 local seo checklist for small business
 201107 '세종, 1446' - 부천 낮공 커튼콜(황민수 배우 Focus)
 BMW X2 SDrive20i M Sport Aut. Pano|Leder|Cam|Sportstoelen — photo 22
——
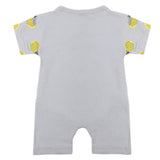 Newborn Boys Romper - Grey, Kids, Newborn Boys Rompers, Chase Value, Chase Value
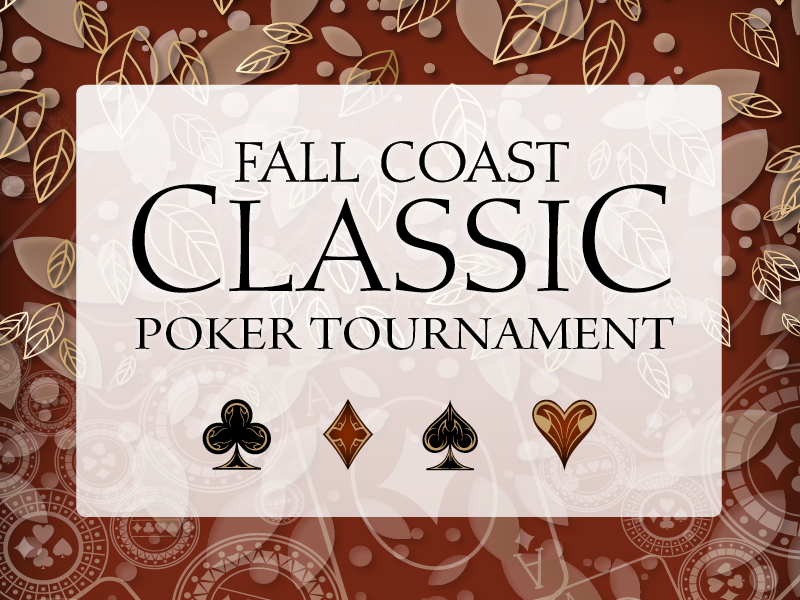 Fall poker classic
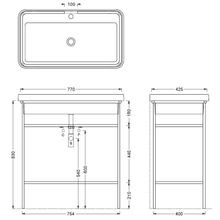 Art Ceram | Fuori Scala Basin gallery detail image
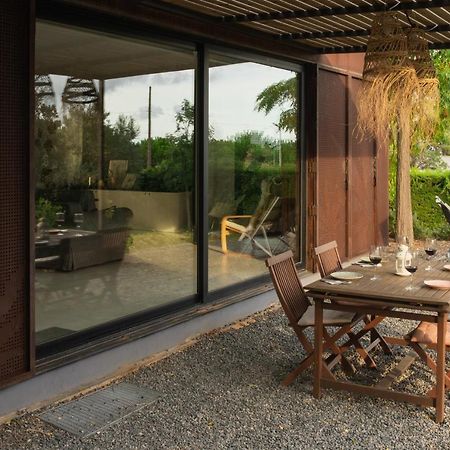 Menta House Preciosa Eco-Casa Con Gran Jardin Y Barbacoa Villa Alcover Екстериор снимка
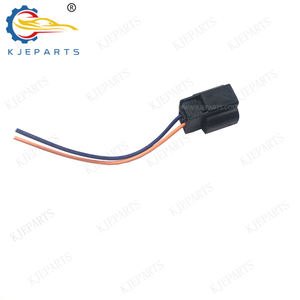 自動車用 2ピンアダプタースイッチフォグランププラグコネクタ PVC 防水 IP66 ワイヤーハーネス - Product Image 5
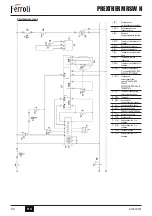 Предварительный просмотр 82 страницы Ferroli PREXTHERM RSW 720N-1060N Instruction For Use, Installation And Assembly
——
- **Description of the task**:
Transcribe, exactly and without additions, the lines of the records above, beginning with the line that contains "201107 '세종, 1446' - 부천 낮공 커튼콜(황민수 배우 Focus)" and ending with the line that contains "BMW X2 SDrive20i", both included.

- **Answer to this problem**:
 201107 '세종, 1446' - 부천 낮공 커튼콜(황민수 배우 Focus)
 BMW X2 SDrive20i M Sport Aut. Pano|Leder|Cam|Sportstoelen — photo 22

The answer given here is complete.